"Magic is the engineering of coincidence"

Category: Personal

Mission Statements

Whenever I see a company has a ‘mission statement’ it makes me sigh heavily. It will almost always be full of long words for no reason and make very little sense. It is such a common thing that there are idiot programs that will generate them for you if you have no idea what your company actually does.

So much corporate communication is meant to instill belief in your company without actually building a belief system. This is magical thinking without any actual magical training. Magic spells are traditionally written in incomprehensible languages and declaimed in important tones, but a statement of desire is usually the first step.

What disappointed me about magic

When I first got into researching these things that nobody understood (and thus usually translated this not understanding into denial or blind acceptance) I had not yet freed myself of some of the romantic notions associated with magic and the paranormal.

Being a great lover of books, one trope that I was the most disappointed to find was not true was the idea of the grimoire.

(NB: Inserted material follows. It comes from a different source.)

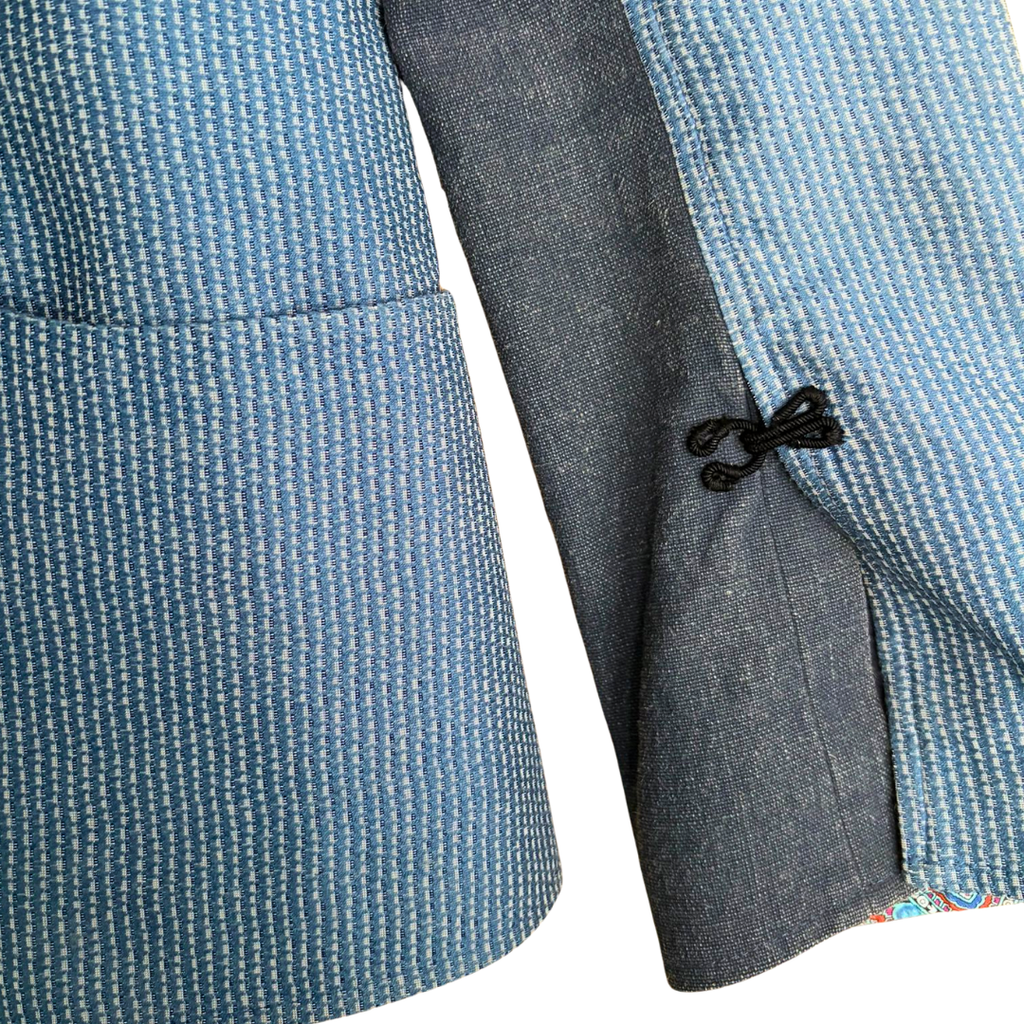 Loulou de la Falaise 2000s Blue Micro-Check Jacket — Frog Fasteners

A big, fat, mysterious book bound in some unspecified leather, handed down from before the Renaissance and containing the secret wisdom of the Universe.

Certainly there are many grimoire in existence (even if impressive lies are usually told about their provenance) but they only contain, at best, a magical system, usually with long and complex preparations to convince you that this is SERIOUS BUSINESS. Which is the point of any magical system, of course.

Then there are utterly non-existent books like the Necronomicon which have been brought into existence by sheer force of will – even if they bear no resemblance to the supposed original. I guess that counts as a magical act.

What do you call yourself?

When I first started researching magic, I called myself a magician. This went very well until I was talking to a friend of mine and mentioned that I was a magician.

“Oooh,” she said, “I love Jerry Sadowitz!”

“Yeah, so do I, but that’s not what I’m talking about.”

So I started calling myself a wizard. I had a brief period of doubt later on when Antony Mackie in “Falcon and the Winter Soldier” said that “a sorcerer was just a wizard without a hat on“.

Should I be wearing a hat? Or should I call myself a sorcerer?

No, and no. I don’t have the beard to go with the hat, and if ‘wizard’ seems pretentious, then ‘sorcerer’ kicks it up a large notch.

I’ve been in progressive rock bands so I know a bit about pretension.

A couple of friends of mine got quite annoyed at me calling myself a wizard. Probably because they thought I was going off my head. Impressed that, so far, no-one has said “What, like Harry Potter?”

Harry Potter is fictional. Real wizards are not as exciting as pretend wizards.”

Best moment was a friend of a friend, who, when he saw a picture of me breathing fire, said “Is he a god?”

“No,” my friend said sadly, “just a wizard.”